Keep in mind that DRI only bought out Sunterra a year ago. There's going to be change coming down the line and no one really knows for sure what that will bring. I've owned with DRI since 1998 but, they didn't have the points system Sunterra had when DRI bought them out. I've been learning how to use the system and, as it stands now, looks like a very nice, flexible system for internal exchanges and a set point value for exchange through I.I. At this moment I'm very happy with the system. 3 or 4 years from now after DRI has had a good opportunity to put their stamp on the company who knows how I'll feel.
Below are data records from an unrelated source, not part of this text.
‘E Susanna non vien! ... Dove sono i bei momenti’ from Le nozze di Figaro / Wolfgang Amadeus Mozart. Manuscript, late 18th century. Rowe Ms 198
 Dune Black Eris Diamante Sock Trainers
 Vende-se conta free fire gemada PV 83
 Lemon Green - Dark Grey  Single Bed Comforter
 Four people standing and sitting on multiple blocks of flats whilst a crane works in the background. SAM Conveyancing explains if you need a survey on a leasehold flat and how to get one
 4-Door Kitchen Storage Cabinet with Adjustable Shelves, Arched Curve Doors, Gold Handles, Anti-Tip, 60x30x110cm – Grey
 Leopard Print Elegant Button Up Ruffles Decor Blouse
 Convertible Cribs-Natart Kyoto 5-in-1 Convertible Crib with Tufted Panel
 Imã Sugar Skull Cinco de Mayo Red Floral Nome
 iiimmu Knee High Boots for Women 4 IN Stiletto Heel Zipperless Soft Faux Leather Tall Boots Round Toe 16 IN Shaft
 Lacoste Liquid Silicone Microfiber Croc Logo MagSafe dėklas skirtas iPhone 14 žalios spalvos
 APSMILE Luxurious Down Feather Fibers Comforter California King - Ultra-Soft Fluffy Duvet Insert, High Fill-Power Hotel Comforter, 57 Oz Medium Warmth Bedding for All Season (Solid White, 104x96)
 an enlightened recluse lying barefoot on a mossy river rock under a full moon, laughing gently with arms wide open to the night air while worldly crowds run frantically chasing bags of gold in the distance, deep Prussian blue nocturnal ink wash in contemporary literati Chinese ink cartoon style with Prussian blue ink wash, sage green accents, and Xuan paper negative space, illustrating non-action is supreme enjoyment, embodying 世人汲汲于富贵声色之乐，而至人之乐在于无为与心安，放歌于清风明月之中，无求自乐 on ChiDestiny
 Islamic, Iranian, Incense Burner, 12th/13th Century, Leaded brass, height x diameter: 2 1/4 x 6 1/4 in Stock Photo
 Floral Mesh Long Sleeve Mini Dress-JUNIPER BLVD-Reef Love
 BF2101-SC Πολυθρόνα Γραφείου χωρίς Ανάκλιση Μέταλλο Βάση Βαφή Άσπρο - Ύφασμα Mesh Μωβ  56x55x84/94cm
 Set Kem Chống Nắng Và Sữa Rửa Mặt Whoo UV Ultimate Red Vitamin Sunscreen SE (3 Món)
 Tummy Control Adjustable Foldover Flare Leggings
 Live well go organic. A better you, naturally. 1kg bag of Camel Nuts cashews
So far DRI is moving in the right direction and I'm happy we paid the $2,995 joiner fee to get our Polo Towers units into THE Club, which is DRI's internal points exchange program.


----------



## JoeMid (Apr 21, 2008)

If you book weekenights only in the 59 day window you can stretch 2500 points, but it's not enough.  If you need to look at point values they're offered up here.   





TIRWIN62 said:


> I'm a newbie to TUG and am looking for a little advice.  My wife and I used our Disney Vacation Club to trade into the Sedona Summit Resort.  We ended up going to the sales presentation, and now my wife wants to buy.  They were offering 2500 points for $8,850, which includes membership in The Club.  I know this is a small amount of points, but we generally stay in a studio Sun - Thursday to maximize points with DVC, and would most likely try to do the same with Diamond.  Wondering if most Diamond owners are happy with the company and have normally been able to get the accomodations and time of year they wanted?  Any insight would be helpful - thanks in advance.





Werner said:


> I agree with JoeMid's answer.  The other forum has a group dedicated to the Diamond system.
> 
> FWIW - I am happy with the Diamond System but I don't know if I'd be happy with only 2500 points.  You might be able to find some good short term (less then 60 days out) weeks for 2500 points but they are usually off season when they are that low.  Will you also automatically be enrolled in Interval International also?  That would give you a lot more options.  Also, any number of points will give you access to inexpensive "Getaways" at II which are paid for with cash but generally are very reasonable.  Diamond also includes "Diamond Select" which are non-Diamond resorts which are deposited in Diamond by their owners to get Diamond points.  They are available to Diamond club members either for points or cash.
> 
> ...


----------



## KforKitty (Apr 21, 2008)

I would agree with what others have said, 2,500 points is too few even as an entry point and I don't think you can rely on 'working the system' around last minute stays.  I'd say double the points (5,000) would be a reasonable start.

Kitty


----------



## TIRWIN62 (Apr 21, 2008)

Thanks everyone for the help on this.  The sales rep. did say we would be enrolled in I.I. and could trade into those resorts.  I figured that 2500 points was probably too little, but we were thinking of using two years worth of points at a time every other year, alternating every year with our DVC.  With our families work and school/sports schedules we normally just take one big vacation every year (I know that's not nearly enough time off - we're working on that).  I'll do a little more research and try to find a better deal on a resale when we decide to buy.


----------



## Bill4728 (Apr 21, 2008)

This is a very bad deal!!

If you buy in Sunterra/DRI first buy a goodly amount of point resale, then buy direct from DRI and you'll get both the resale points and the DRI points in the club.

You'll save $5,000 - $15,000 doing this.

Good Luck


----------